What you'll do
As an SRE at Airomeda you'll own the reliability of 47 production systems. You'll manage Kubernetes clusters across 4 active regions (fra1 · lon1 · ist1 · iad1), operate the Grafana + Loki + OpenTelemetry observability stack, and keep failover under 8 seconds.
You'll optimise GitHub Actions pipelines, run chaos experiments, and act as an infrastructure advisor when new client projects go live. The 99.95% SLA we promise clients is yours to defend.
Is this role for you?
We're looking for someone who sees infrastructure as an engineering product, not a utility. Someone who writes post-mortems to make the system stronger — not to assign blame. Someone who can tell the difference between "noisy alert" and "real signal" in under 60 seconds.
Responsibilities
- →Manage Kubernetes clusters across fra1 · lon1 · ist1 · iad1
- →Optimise CI/CD pipelines and improve reliability
- →Participate in SLA monitoring, alerting and on-call rotation
- →Run chaos engineering experiments to stress-test infrastructure
- →Contribute to infrastructure design for new client projects
- →Mentor engineering team on observability tooling
Requirements
- ·4+ years of Kubernetes production operations
- ·Terraform IaC; multi-region infrastructure experience
- ·Grafana, Prometheus, Loki, OpenTelemetry stack
- ·CI/CD pipeline design (GitHub Actions or GitLab CI)

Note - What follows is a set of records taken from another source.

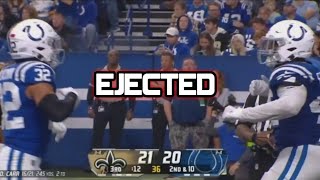 NFL Full Ejections of the 2023 Season!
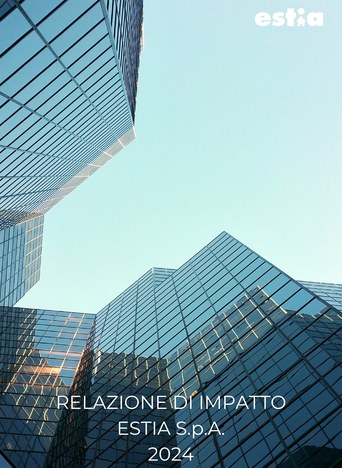 Copertina Relazione di Impatto 2024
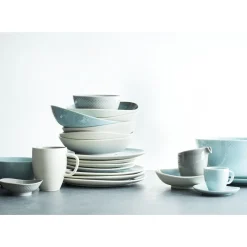 Kaffeeuntertassen<Rosenthal Kaffee/Tee-Untertasse 15 cm Junto Aquamarine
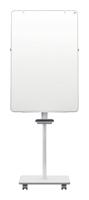 Nobo 1915644 flipover Vrijstaand 680 x 1040 mm Wit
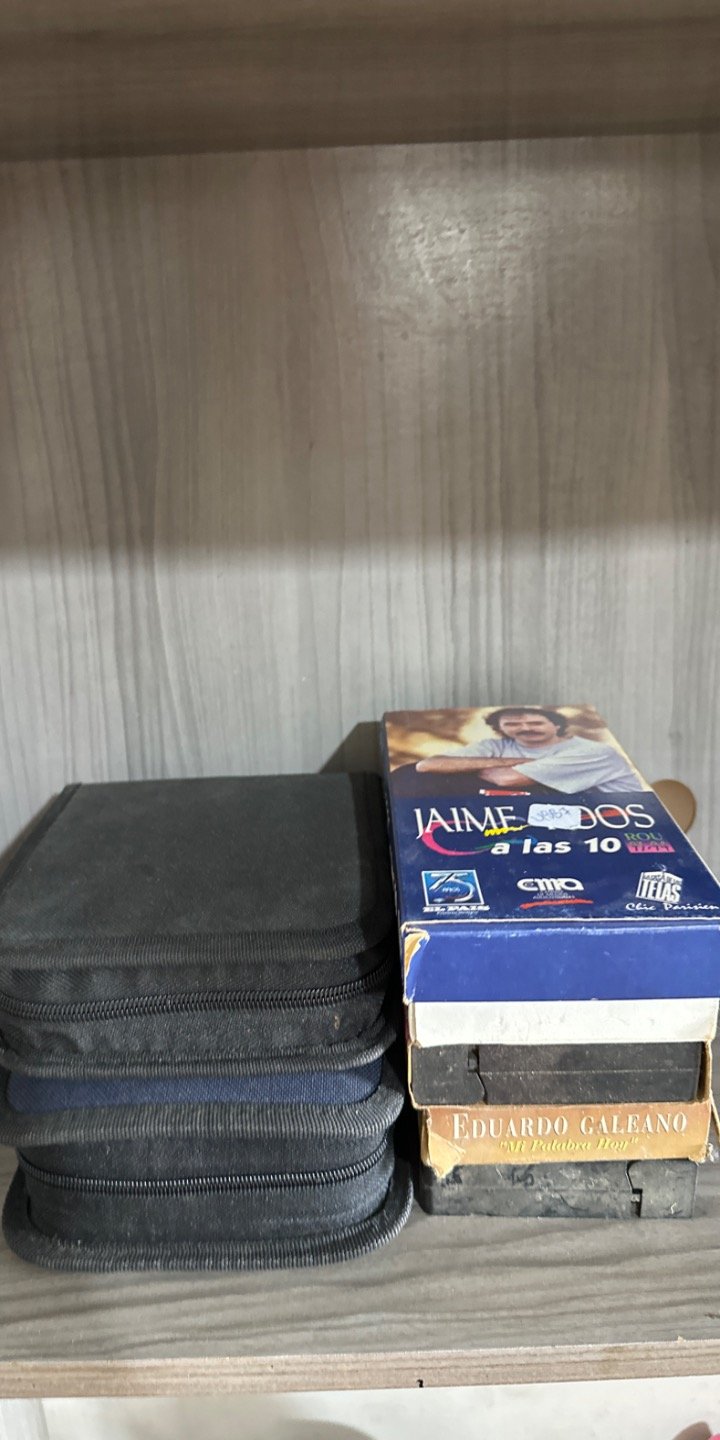 Lote anterior: Casetes y CDs en buen estado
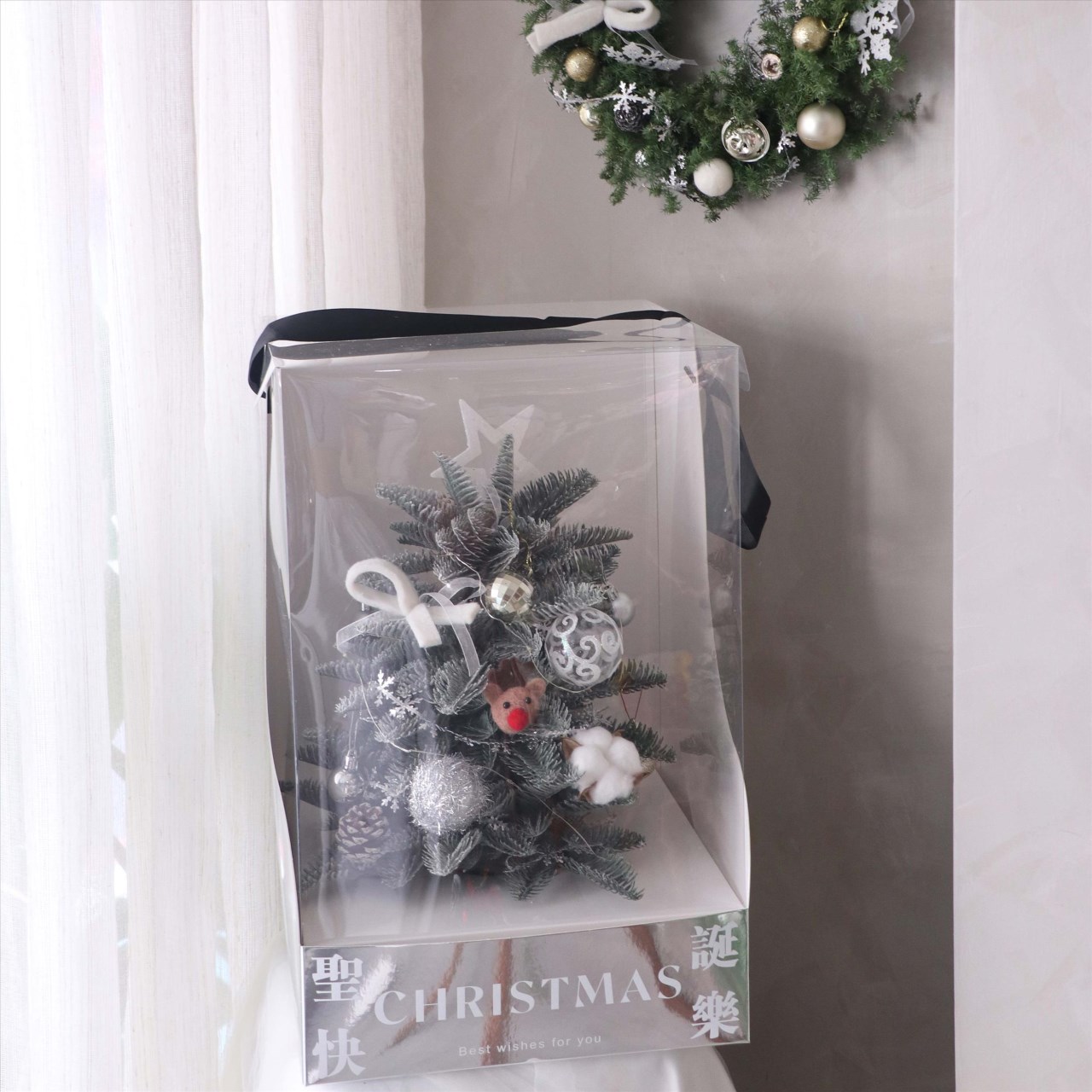 超高質感!仿真諾貝松聖誕樹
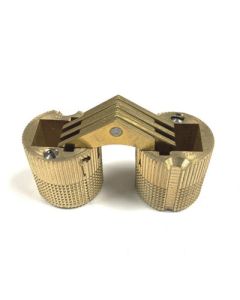 Wood Technology Solid Brass Cylinder Hinge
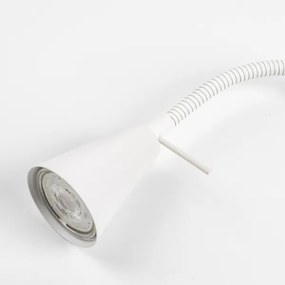 Lampada LED con clip 1xGU10/4,7W/230V bianca
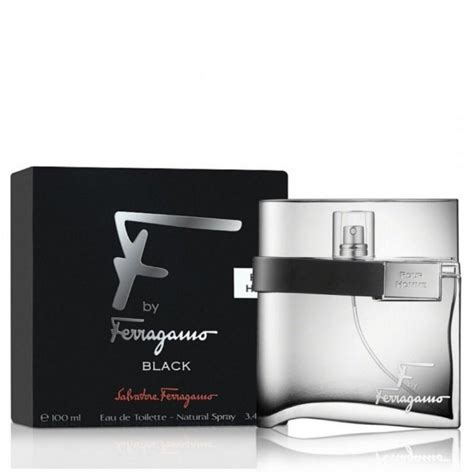 Ferragamo F Black Edt 100ml The Perfume Hq Ghana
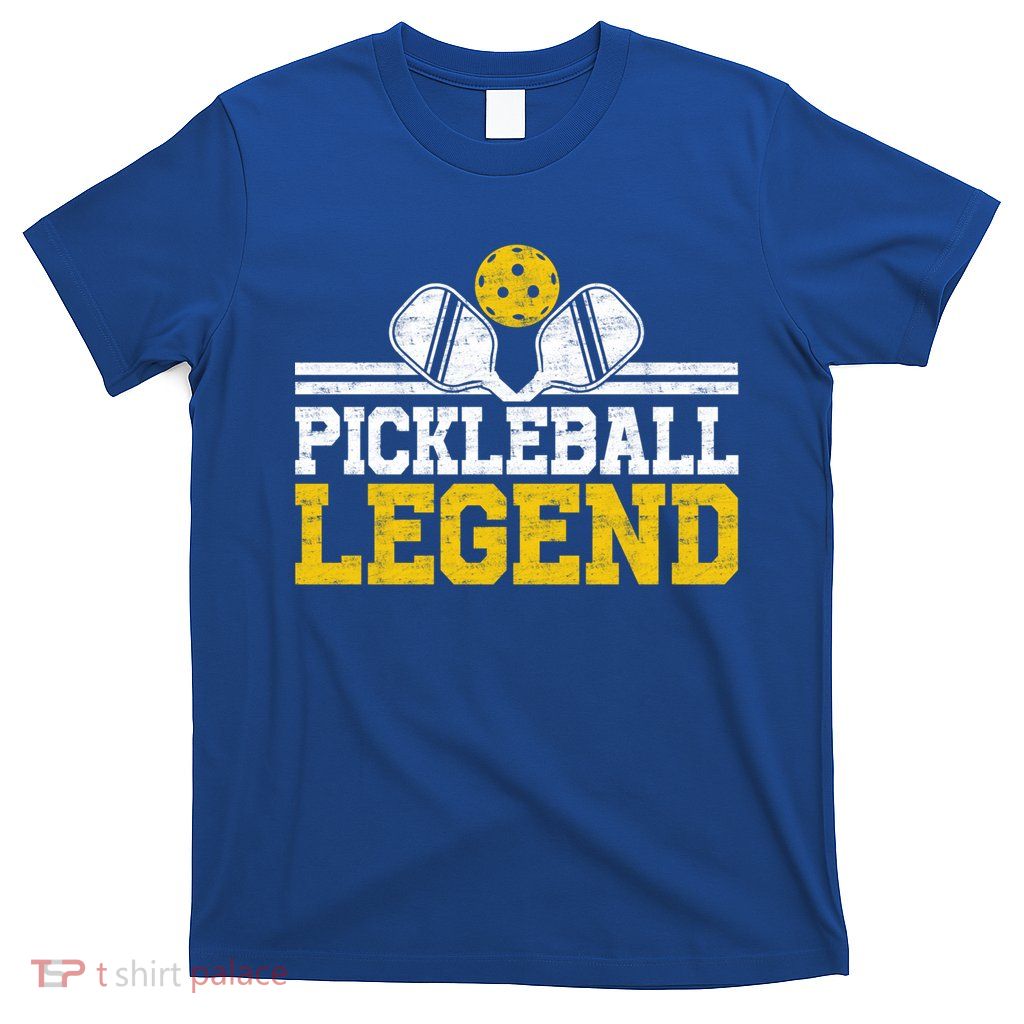 Pickleball Legend Funny Vintage Distressed Meaningful Gift T-Shirt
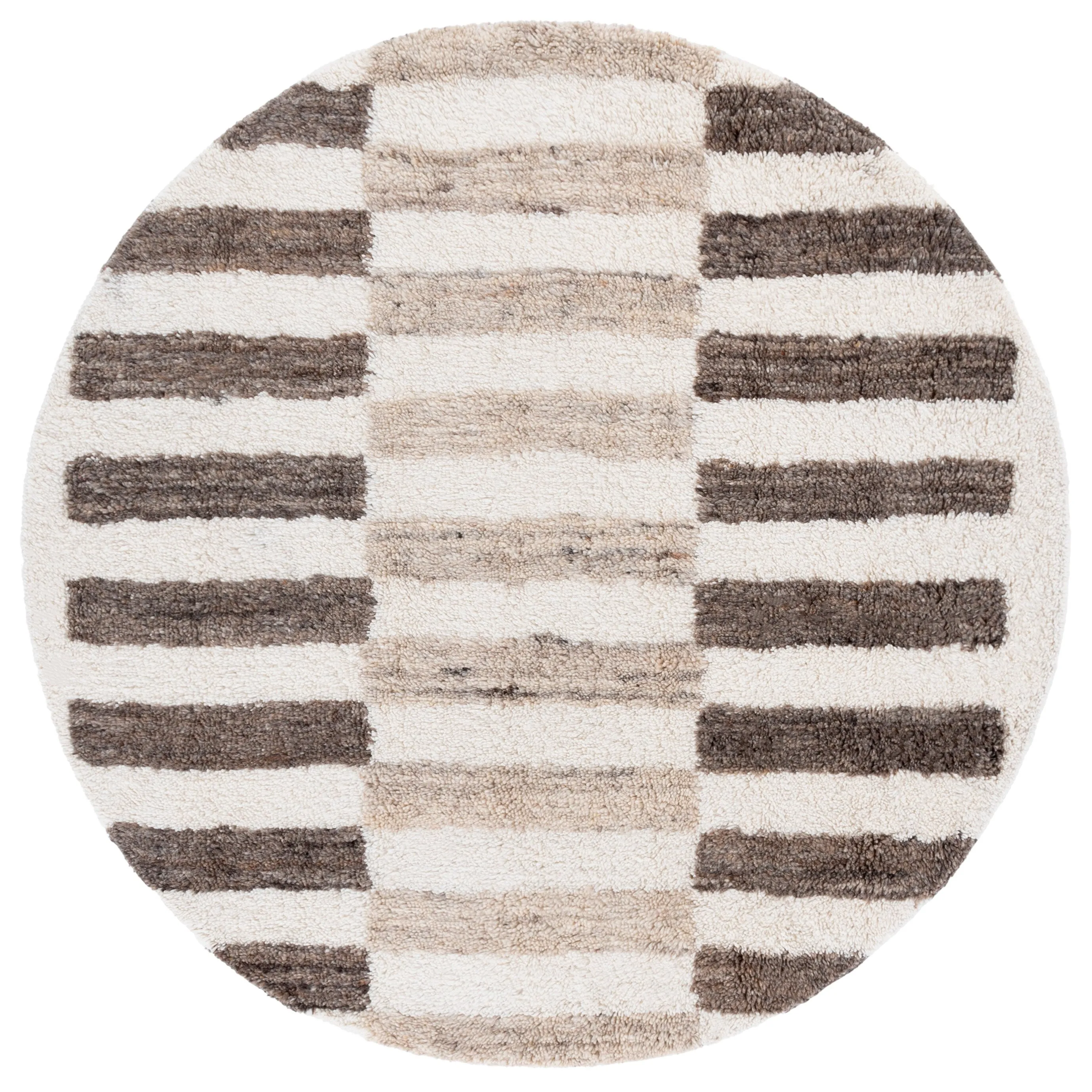 SAFAVIEH Handmade Vermont Chanda Transitional Wool Rug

- ·Zero-downtime deployment strategies (rolling, canary, blue-green)
- ·Linux sysadmin and network architecture
- ·Written English proficiency
What we offer
- ✓Competitive salary + annual bonus
- ✓Fully remote or hybrid at Istanbul Maslak office
- ✓12,000 TRY annual conference budget
- ✓Mac or Linux workstation of choice
- ✓Private health insurance
- ✓On-call compensation